The use of Semglee may be considered during pregnancy, if clinically needed.
It is essential for patients with pre-existing or gestational diabetes to maintain good metabolic control throughout pregnancy to prevent adverse outcomes associated with hyperglycemia. Insulin requirements may decrease during the first trimester and generally increase during the second and third trimesters. Immediately after delivery, insulin requirements decline rapidly (increased risk of hypoglycaemia). Careful monitoring of glucose control is essential.

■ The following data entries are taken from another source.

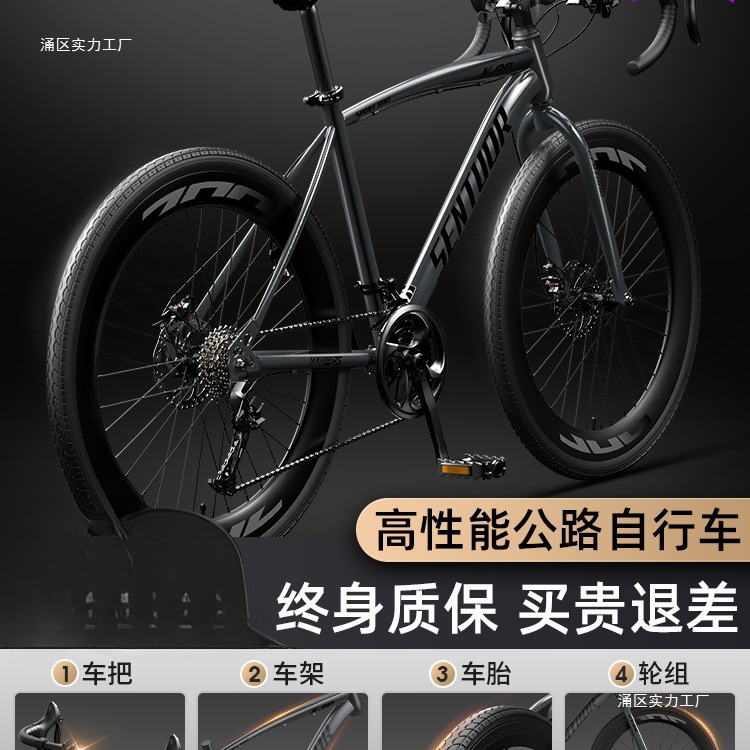 Gravel Road Bike Racing Wind-Breaking Handlebar Bicycle with Gears, Racing Bike for Men and Women, Adult Student Bike, Other Types
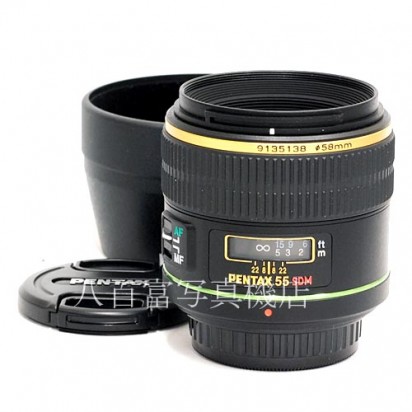 【中古】 SMC ペンタックス DA ★ 55mm F1.4 SDM PENTAX 中古レンズ 39566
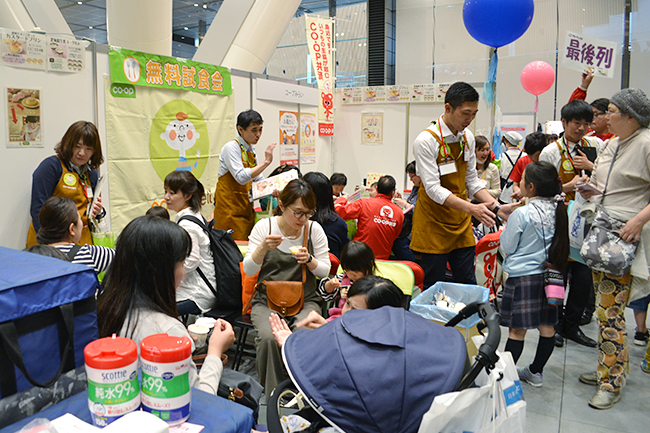 ニュース：ファミリーを応援している企業・サービスが大集合！2018年3月28日（水）・29日（木）に東京国際フォーラムで開催している入場無料のファミリーイベント、子どもと一緒に親も楽しめる「かぞくみらいフェス2018」に行ってきた様子をレポート！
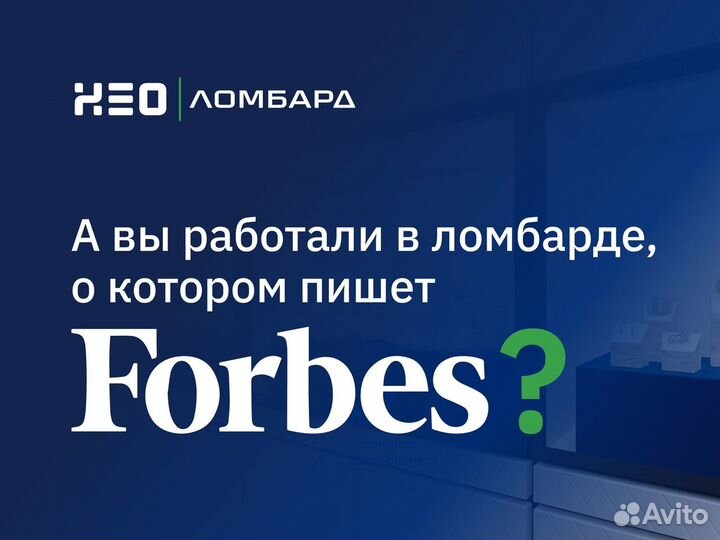 Ювелир - мастер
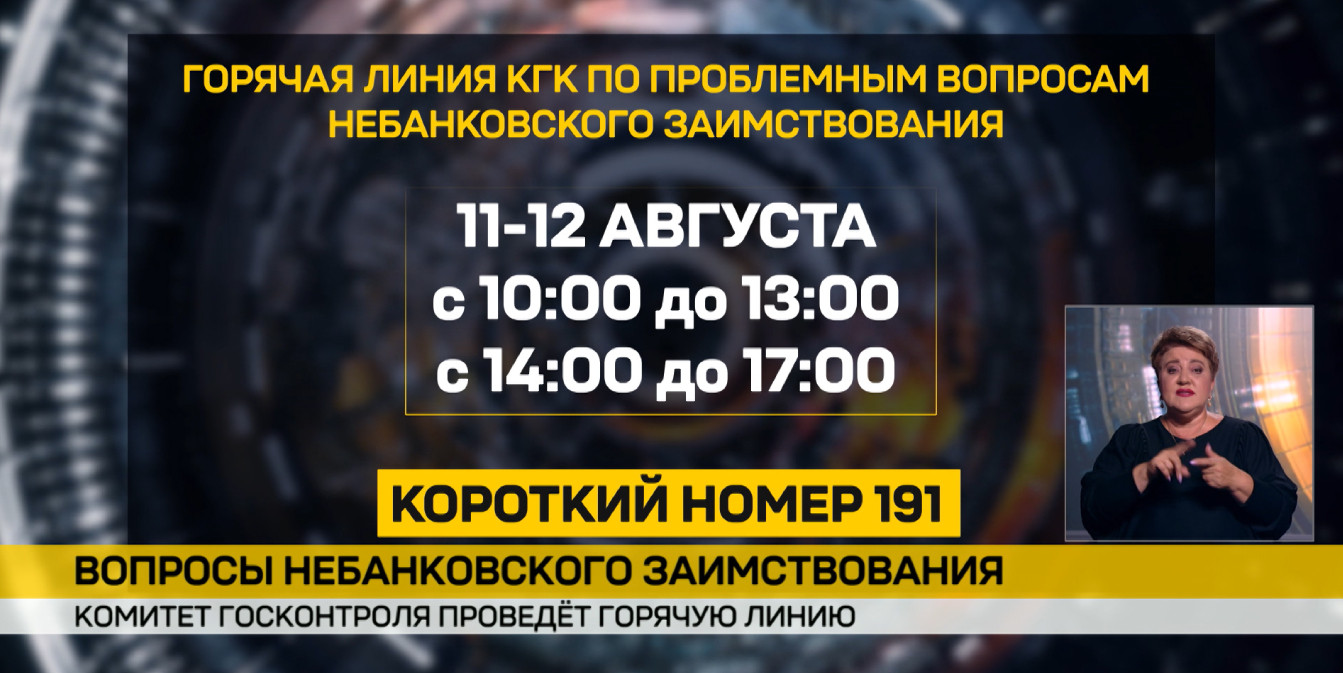 время работы горячей линии КГК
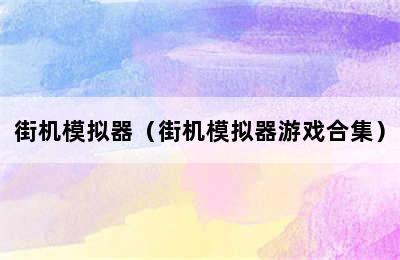 街机模拟器（街机模拟器游戏合集）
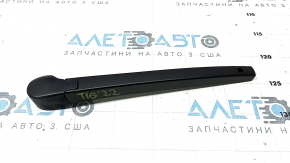 Rear wiper arm VW Tiguan 18-24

Breast-feeding: It is unknown whether insulin glargine is excreted in human milk. No metabolic effects of ingested insulin glargine on the breast-fed newborn/infant are anticipated since insulin glargine as a peptide is digested into amino acids in the human gastrointestinal tract. Breast-feeding women may require adjustments in insulin dose and diet.
Fertility: Animal studies do not indicate direct harmful effects with respect to fertility.